L’intervista di Affaritaliani.it a Ilaria Fontana, sottosegretario al ministero della transizione ecologica.

Cosa succederà ai distributori di benzina e annessi dipendenti dopo il 2035 quando, secondo il green deal europeo, le macchine a benzina e diesel smetteranno di circolare?
Dal 2035 le macchine con motore a combustione interna tradizionali non potranno più essere vendute, ma le restrizioni sulla circolazione sono sempre stati progressivi e immagino lo saranno anche in futuro, esattamente come è accaduto con le restrizioni del traffico per le auto a gasolio Euro 4 o antecedenti. C’è da considerare poi il settore delle auto ibride, che stanno conquistando col tempo fette di mercato sempre più grandi.

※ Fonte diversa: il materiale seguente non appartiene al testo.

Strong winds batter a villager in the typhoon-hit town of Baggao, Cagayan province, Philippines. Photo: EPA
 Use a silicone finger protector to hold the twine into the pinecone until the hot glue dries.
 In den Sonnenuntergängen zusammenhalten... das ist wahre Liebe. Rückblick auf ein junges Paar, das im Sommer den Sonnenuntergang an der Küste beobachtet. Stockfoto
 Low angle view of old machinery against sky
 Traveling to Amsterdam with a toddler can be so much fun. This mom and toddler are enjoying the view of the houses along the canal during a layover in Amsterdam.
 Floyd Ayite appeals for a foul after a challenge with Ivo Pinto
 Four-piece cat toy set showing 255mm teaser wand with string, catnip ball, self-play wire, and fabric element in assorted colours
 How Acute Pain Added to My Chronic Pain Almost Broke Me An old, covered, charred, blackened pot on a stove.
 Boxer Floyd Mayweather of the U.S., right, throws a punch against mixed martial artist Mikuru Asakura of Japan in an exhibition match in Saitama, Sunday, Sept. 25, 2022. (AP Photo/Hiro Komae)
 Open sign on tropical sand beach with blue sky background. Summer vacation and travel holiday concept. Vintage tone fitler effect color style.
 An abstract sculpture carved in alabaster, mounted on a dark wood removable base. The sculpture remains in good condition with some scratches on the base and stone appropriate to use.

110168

Per queste ragioni ritengo che gli effetti sui distributori di carburante avranno tempi più lunghi e funzionali all’età media dei veicoli circolanti. Va osservato inoltre, che molte delle attuali  stazioni di servizio, soprattutto quelle situate lungo le tratte autostradali, potranno diventare stazioni di rifornimento di energia elettrica per la ricarica di auto elettriche appunto. Il pnrr al riguardo prevede lo sviluppo di un trasporto sostenibile attraverso la realizzazione di circa 7500 punti di ricarica rapida in sede autostradale e 13.750 punti di ricarica in centri urbani.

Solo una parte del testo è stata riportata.